Friday, December 7, 2012

German IP crashes in October

Heading towards contraction. German industrial production dropped by a sharp 2.6% MoM in October, from -1.3% in September, providing further evidence that the economy’s backbone is quickly losing steam. In annual growth terms, industrial production is down by 3.7%. The drop was driven by all sectors except for non-durable consumer goods. Production in the construction sector fell sharply by 5.3% MoM.

The German decoupling from the rest of the Eurozone has come to an end. Strong trading ties with non-Eurozone countries had shielded the economy against the euro crisis. Now, with the global economic cooling in the second half of the year, this immunity is quickly fading away. The thinning out of order books throughout the year is finally feeding through to the real economy.

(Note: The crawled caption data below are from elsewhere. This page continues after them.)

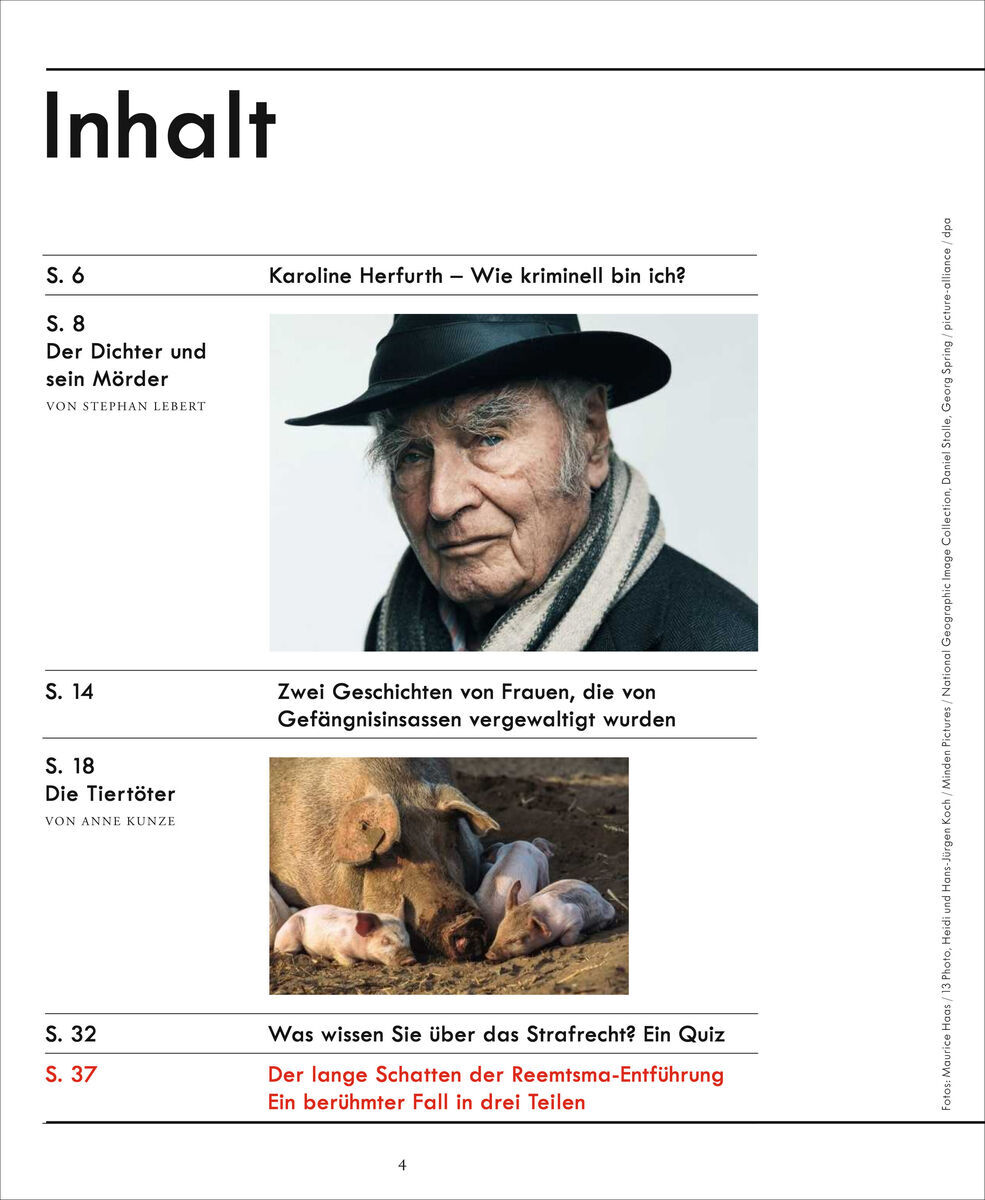 Ein Magazin mit dem Titel 'ZEIT Verbrechen 2/18'. Das Inhaltsverzeichnis listet verschiedene Artikel, einschließlich eines Porträts eines alten Mannes, drückende Geschichten über Gewalt an Frauen und eine Abhandlung über Tierquälerei sowie ein Quiz über Strafrecht. Die Farben im Bild sind überwiegend Schwarz, Weiß, Rot, Blau und Beige.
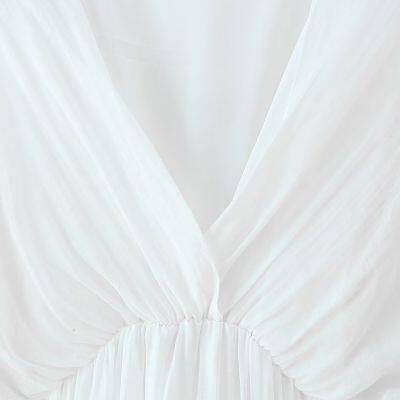 French-style Vintage Forest V-neck Backless Summer Beach Vacation Flowy Dress With Ruffles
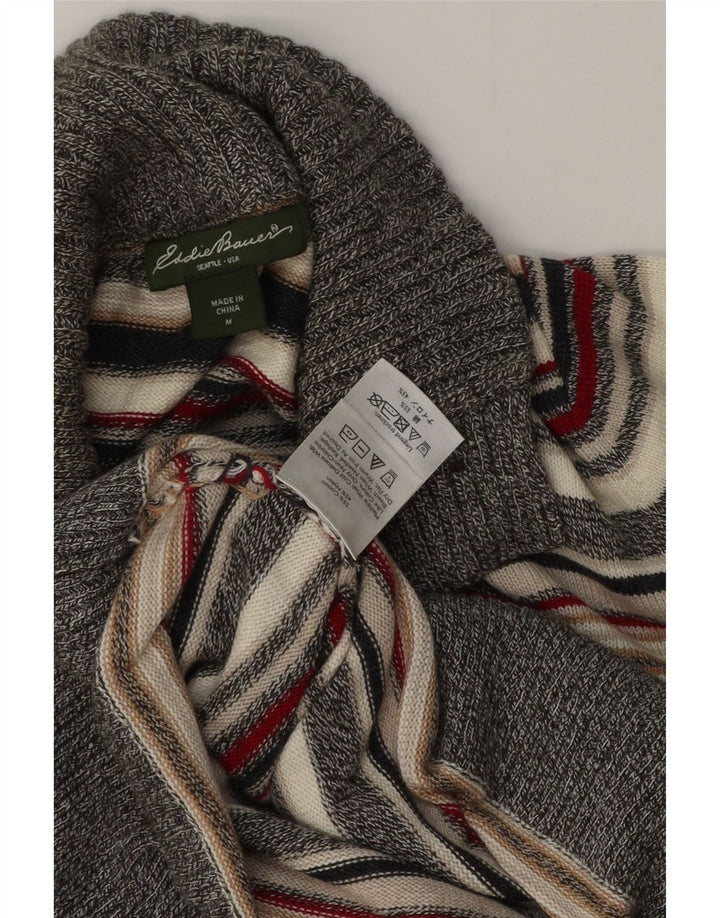Eddie Bauer Dame Button Neck Jumper Sweater UK 14 Medium Multicolored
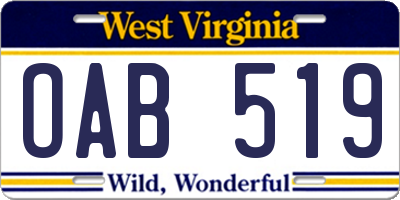 WV license plate OAB519
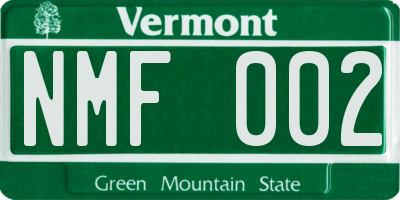 VT license plate NMF002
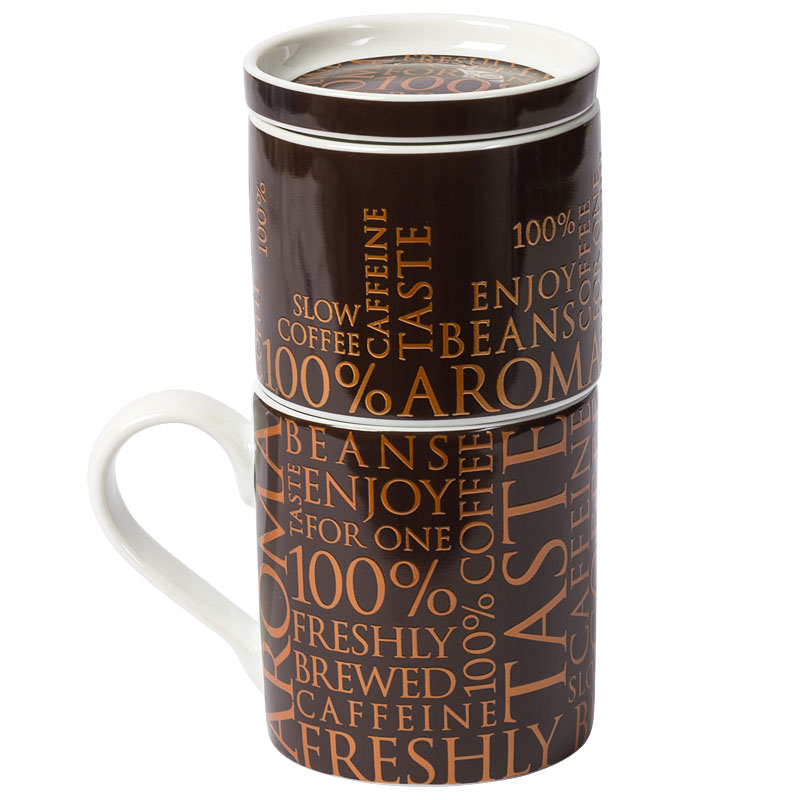 

Кружка Konitz для кофе с ситом 100 % coffee on dark brown, 370 мл, Многоцветие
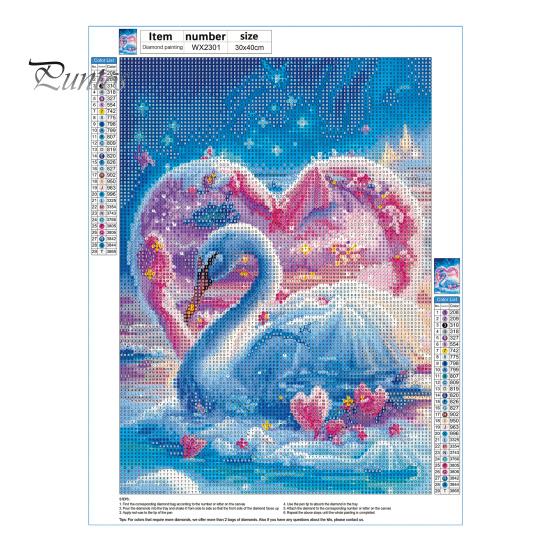 5D Swan Love Diamond Painting Full Drill Resin Mosaic Rhinestone Embroidery Craft Kits for Home Wall Decor Gift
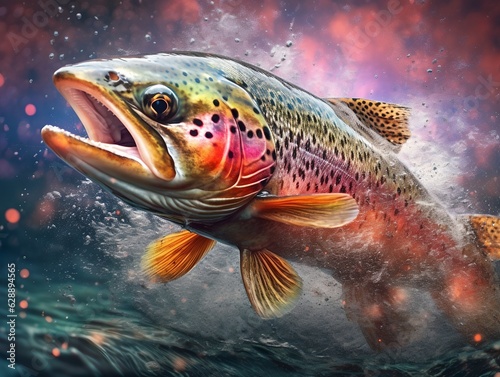 Rainbow trout fish, generative ai
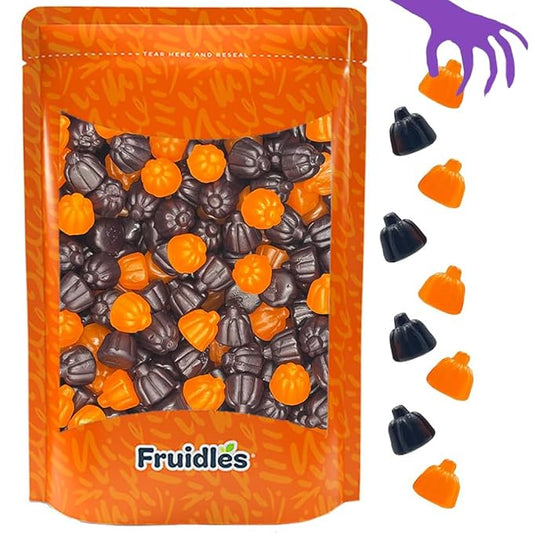 Fruidles Halloween JuJu Jelly Pumpkins, Delicious Gummy Candy, Gluten-Free, Fun and Festive Holiday Snacking, Party Favor (Half-Pound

There are currently two opposing trends in the German economy. In the short term, the “deflating” of order books on the back of the euro crisis and a weaker global economy should continue to feed through to activity. With today’s industrial production data, a contraction of the economy in the fourth quarter has almost become inevitable. Even a technical recession of two consecutive quarters cannot be excluded entirely, particularly if the fiscal cliff negotiations in the US disappoint and hamper the US recovery. Looking beyond the next one or two quarters, however, the German economy should be able to pick up speed relatively quickly. The latest improvement in confidence indicators and new orders clearly indicate that the current industrial slump should be rather short-lived.

Our general take on the German economy remains positive. However, today’s industrial data shows that unfortunately things first have to get worse before they get better.